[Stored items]

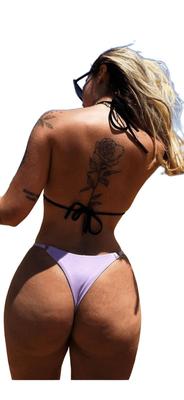 Latina Cute Big Butt Stickers 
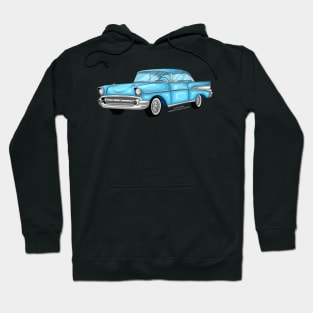 Vintage Classic Car Hot Rod Novelty Gift Hoodie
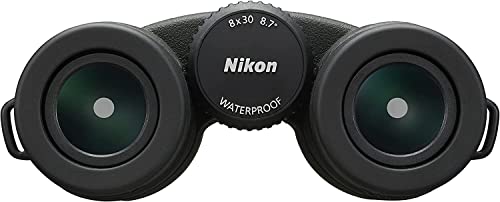 PROSTAFF P7 8x30 (16770) Black Binoculars Bundle with Lens Pen and Cleaning Cloth, Compact Binoculars for Adults for Hunting, Bird Watching, and Hiking Essentials, Zoom Lightweight Travel - style: P7 8x30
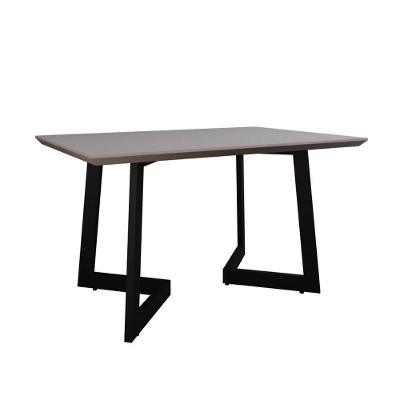 Mesa De Jantar Com Tampo Toronto 135 Cm Off White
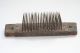 Antique Wooden Flax Comb Hetchel Carding Tool Early American Colonial Dated 1767 Primitives photo 9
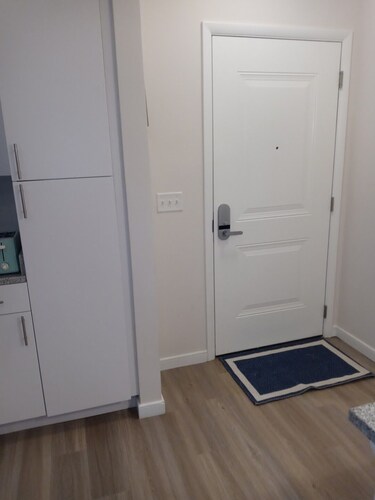 Breezing out for a moment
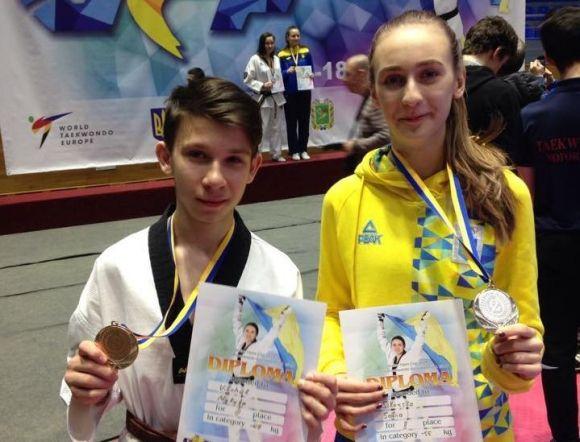 Новини Хмельницького - фото з Хмельничани стали призерами міжнародного турніру з тхеквондо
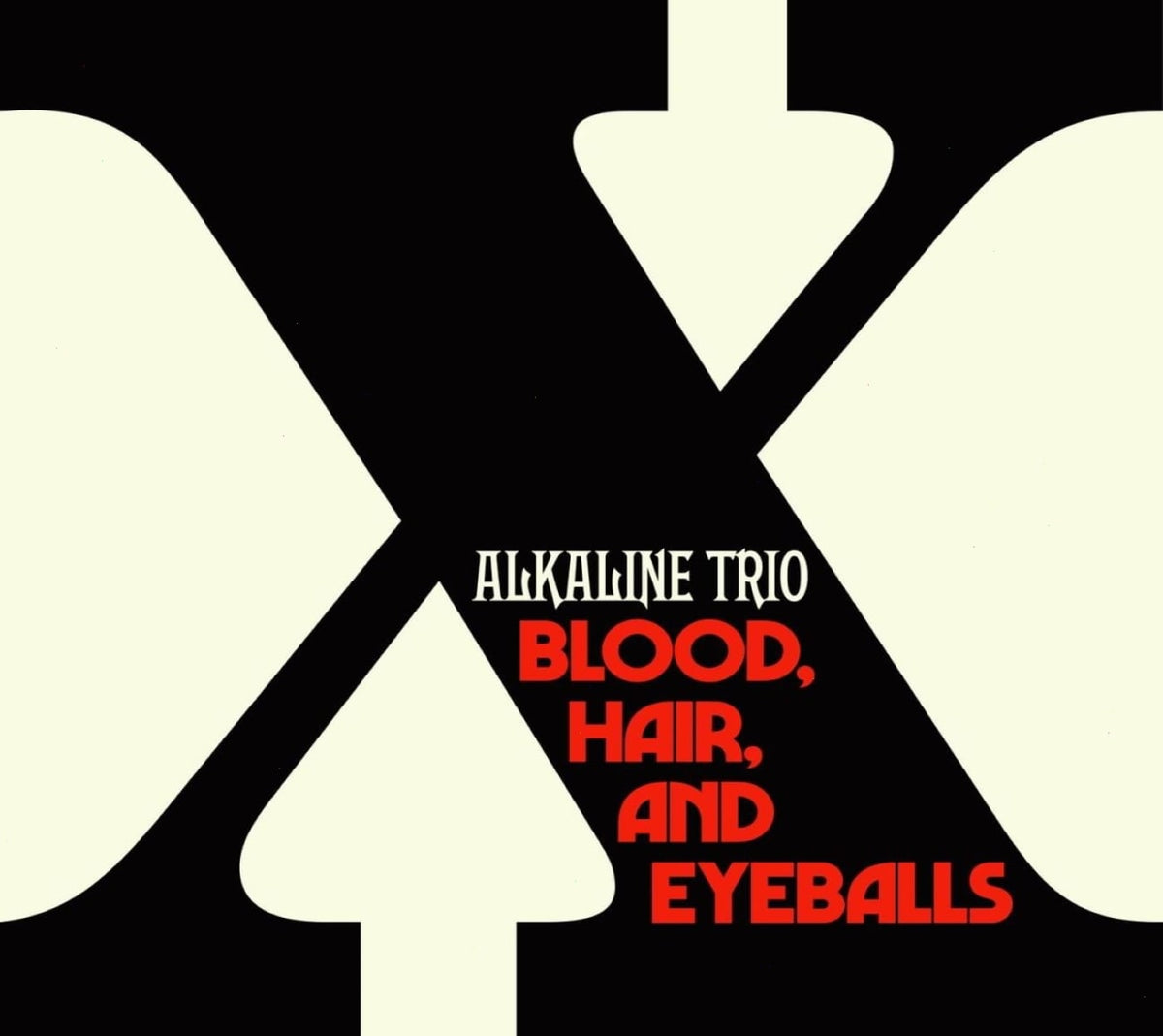Alkaline Trio - Blood, Hair, And Eyeballs - [CD]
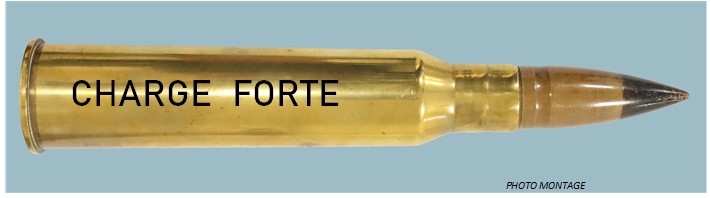 Ligne Maginot - Cartouches de 25 mm à balle Perforante Mle 1934 à charge forte - Méthode non réglementaire.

▶ What is expected
Leaving out the pictures, print each line of the records above from the first up to and including the one that contains "Vintage Classic Car", exactly as written.

▶ Output for this task
 Latina Cute Big Butt Stickers 
 Vintage Classic Car Hot Rod Novelty Gift Hoodie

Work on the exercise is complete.